Lo que pasa no es el fútbol. ¿A quién le puede gustar esto? Once de un lado, camiseta blanca y roja, once del otro, camiseta azul y amarilla, y lo demás. Solo eso. Por noventa minutos. Veintidós personas que corren detrás de una pelota para meterla en alguno de los dos arcos separados entre sí por varios metros. En silencio. Pase a la derecha, pase a la derecha, pase a la izquierda. Pase más cerca del arco. Esquivar a uno. Esquivar a otro. Pase adelante. Gambeta. La pelota al pie. Remate. Uno lo intercepta. Afuera. Tiro de esquina. De nuevo algo parecido. Uno al piso. El árbitro que interrumpe. Pelota parada y el resto. Una repetición insoportable. No es cierto. No es esto. ¿Messi cuando era un niño soñaba con esto? Le decía a la madre: “Ma, quiero correr detrás de la pelota, quiero que me persigan para sacármela y tirarme al pasto. Ma, muero por patear un córner”. No, acá el fútbol es lo de menos. O es otra cosa. Y el fútbol es lo demás. Esto es lo que pasa acá. Un superclásico.
Hay ochenta y cuatro mil personas alrededor de la cancha completamente desquiciadas. Y muchas más en sus casas. Son millones. De este cuadro y del otro. Dispuestas a entregar lo que tienen, a hacer lo que no pueden. A festejar de la mano de un desconocido. A llorar si hay motivo. A olvidar las cuentas que no se pueden pagar, los viajes que no se pueden hacer, los remedios que hay que tomar, todas las soledades. Eso es el fútbol, este clásico. Uno detrás, uno al lado. Tan pegados. El saltito, de nuevo, que hace crujir el cemento, la gente en la tribuna que se mueve como agua, esa voz que se forma solo cuando la hinchada canta y que bien podría ser de alguien pero no, no tiene dueño, no es grave, no es aguda, es algo nacional.

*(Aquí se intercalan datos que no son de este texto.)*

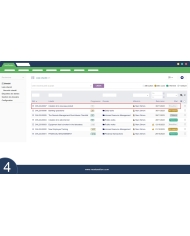 Checkli - Gestión de listas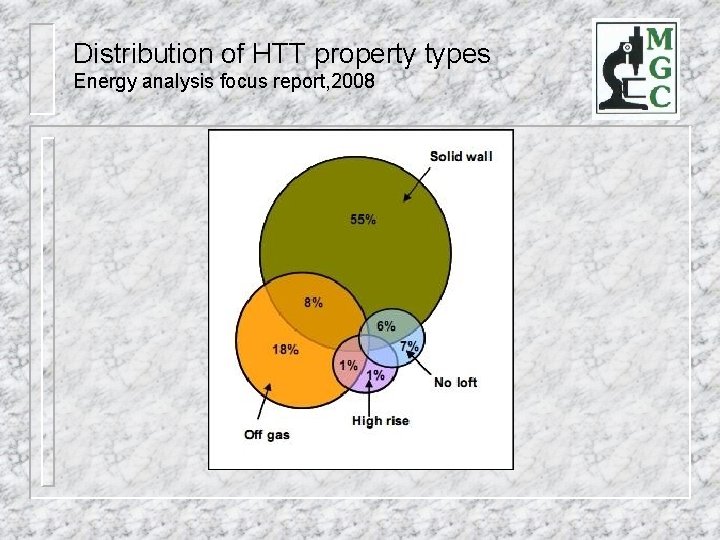 Distribution of HTT property types Energy analysis focus report, 2008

La flor del ceibo. Vamos, vamos, el que no salta, hoy te vinimos a alentar, pongan huevo. Las tiras de colores que caen desde arriba como si el cielo también estuviera acá, viendo esto. La multitud coordinada y prolija al igual que en ninguna otra ocasión de ningún día en ningún año de este país. Otra vez fuegos artificiales, que hacen pensar que se están rompiendo las cosas. Debe ser cierto. Los aplausos, las banderas, Quiero intoxicarme con vos, Los pibes de Torcuato, Llavallol Candela, Adicto a ti, Bastará solo con verte, Benja. La alegría hecha rabia lista para masticar las piedras. El chiflido cuando el equipo que no es el local hace algo bien que duele como los clavos en las palmas. Las manos en la cabeza, desordenando el pelo para resistir. Esa voz que no existe otra vez y que habla de la final de la Copa Libertadores en Madrid.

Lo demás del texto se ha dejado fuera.